Up until now we have covered virtio-networking and its usage in VMs. We started with the original vhost-net/virtio-net architecture, moved on to the vhost-user/virito-pmd architecture and continued to vDPA (vHost Data Path Acceleration) where the virtio ring layout was pushed all the way into the NIC providing wiresspeed/wirelatency to VMs.
We now turn our attention to using vDPA for providing wirespeed/wirelatency L2 interfaces to containers leveraging kubernetes to orchestrate the overall solution. We will demonstrate how Containerized Network Functions (CNFs) can be accelerated using a combination of vDPA interfaces and DPDK libraries. The vDPA interfaces are added as a secondary interface to containers using the Multus CNI plugin.

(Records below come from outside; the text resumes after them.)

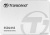 SSD Transcend SSD225S 1TB TS1TSSD225S SSD Transcend SSD225S 1TB TS1TSSD225S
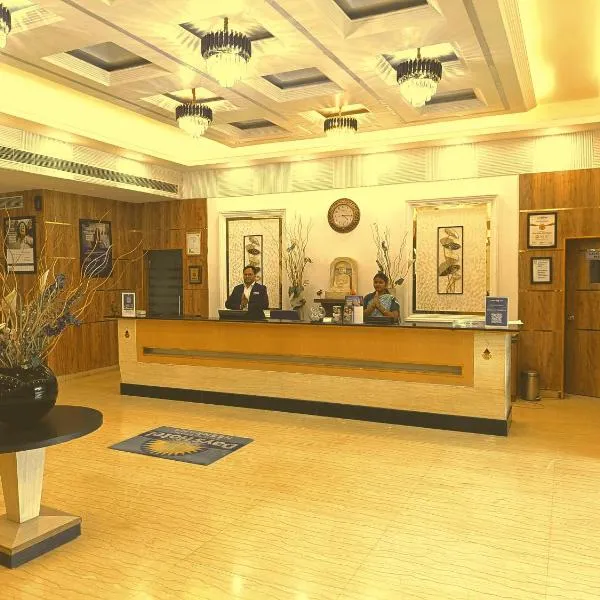 Days Hotel By Wyndham Neemrana, hotel in Neemrana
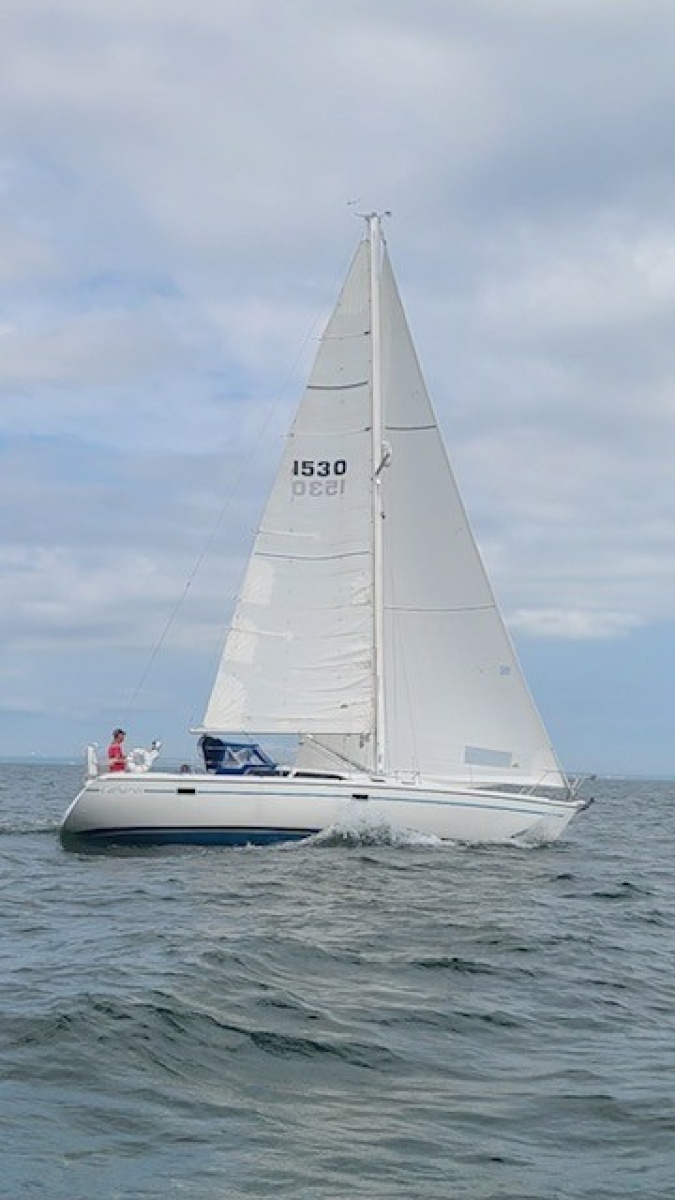 Cathersis 36ft Catalina Yacht For Sale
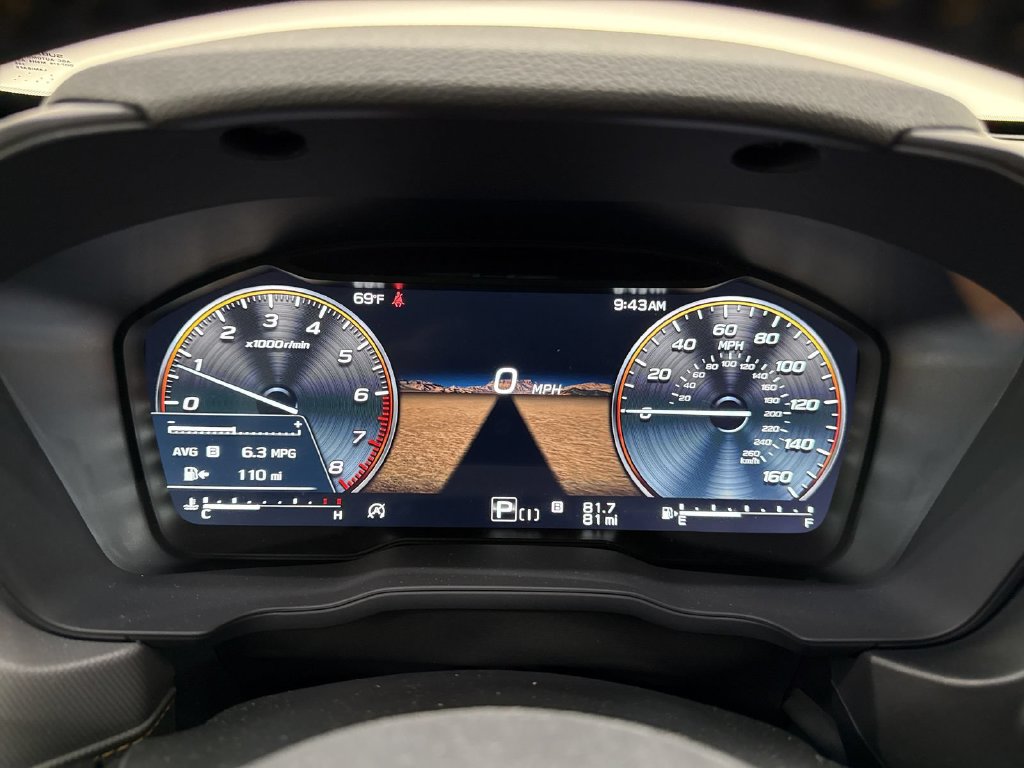 2026 Subaru Forester Wilderness - Photo 12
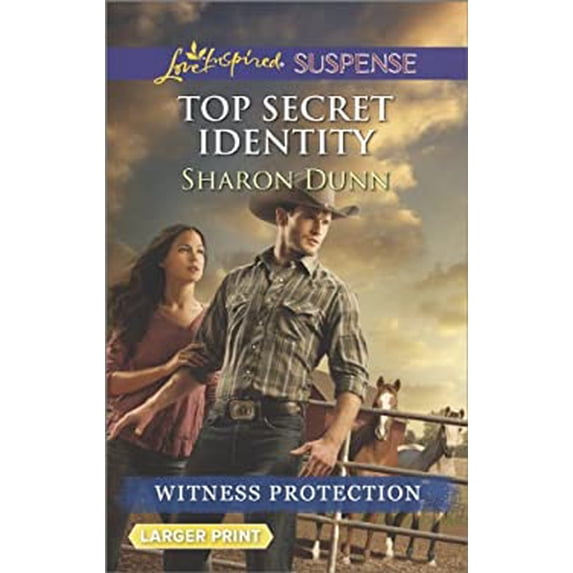 Pre-Owned Top Secret Identity (Mass Market Paperback) 0373676018 9780373676019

This post is a high level solution overview describing the main building blocks and how they fit together. We assume that the reader has an overall understanding of Kubernetes, the Container Network Interface (CNI) and NFV terminology such as VNFs and CNFs.
Given that this is a work in progress we will not provide a technical deep dive and hands on blogs right now. There are still ongoing community discussion on how to productize this solution with multiple approaches. We will however provide links to relevant repos for those who are interested to learn more (the repos should be updated by the community).

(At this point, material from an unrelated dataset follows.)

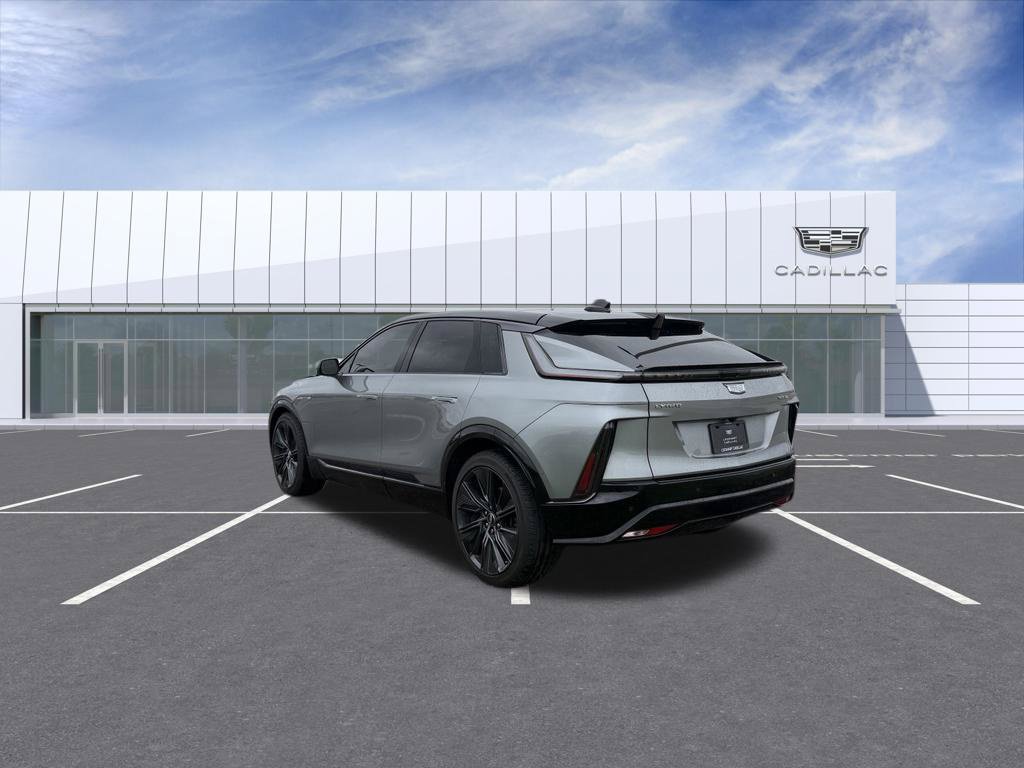 Certified 2024 Cadillac Lyriq Sport w/ LPO, Floor Liner Package AWD/4WD image 4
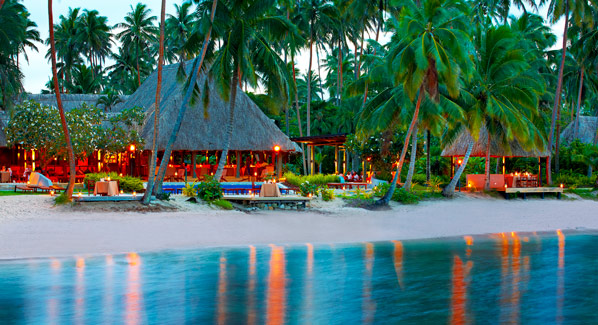 Fiji Jean Michel Cousteau Resort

A PoC demonstrating the usage of vDPA for CNFs is planned for Kubecon NA November 2019 at the Red Hat booth, along with a few companies we've been working with. We encourage you to visit us and see first hand how this solution works.

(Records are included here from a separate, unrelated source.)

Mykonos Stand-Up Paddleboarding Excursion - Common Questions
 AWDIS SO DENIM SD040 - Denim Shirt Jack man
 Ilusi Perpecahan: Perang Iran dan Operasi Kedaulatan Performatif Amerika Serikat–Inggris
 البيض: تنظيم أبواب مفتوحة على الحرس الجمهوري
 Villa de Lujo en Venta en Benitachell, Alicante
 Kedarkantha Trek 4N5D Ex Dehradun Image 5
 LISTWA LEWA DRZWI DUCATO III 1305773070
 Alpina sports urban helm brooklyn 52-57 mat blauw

The shift from accelerating VMs to accelerating containers
So why are we talking about accelerating containers?
For years, IT enjoyed the advantages of virtualization including hardware independence, flexibility and easier replication. Although offering excellent isolation, virtual machines are often too heavy weight because moving data across the virtualization barrier required an extra copy of the data. IT then began looking at switching to containers making use of cgroups and Linux namespaces to offer a lighter-weight solution while still offering effective isolation and increased portability. Unlike VMs, each container consists of (mostly) just the application, rather than an operating system required to run it.
In order to fully utilize containerization, IT has been looking to orchestration platforms to automate the deployment and management of the containers. Kubernetes has become the orchestration platform of choice with its excellent management of the application lifecycle and simplified approach to networking.
Interest in leveraging the advantages of containers has moved well beyond conventional IT. Telecommunications service providers also want to realize these advantages for their specialized networks. Their networks, having both edge and core needs, could benefit enormously from containerization. In particular, the edge use cases are unique and their networking needs impose challenges for Kubernetes.
What this means in practice is that providers expect to be able to accelerate container networking in the same why they are able to accelerate VM networking. In the case of VMs we talk about VNFs (virtual network functions) and in the case of containers we talk about CNFs (containerized network functions). It should be noted that in this series we look at accelerating L2 and L3 traffic (similar to what we described above for VMs) and not higher networking layers.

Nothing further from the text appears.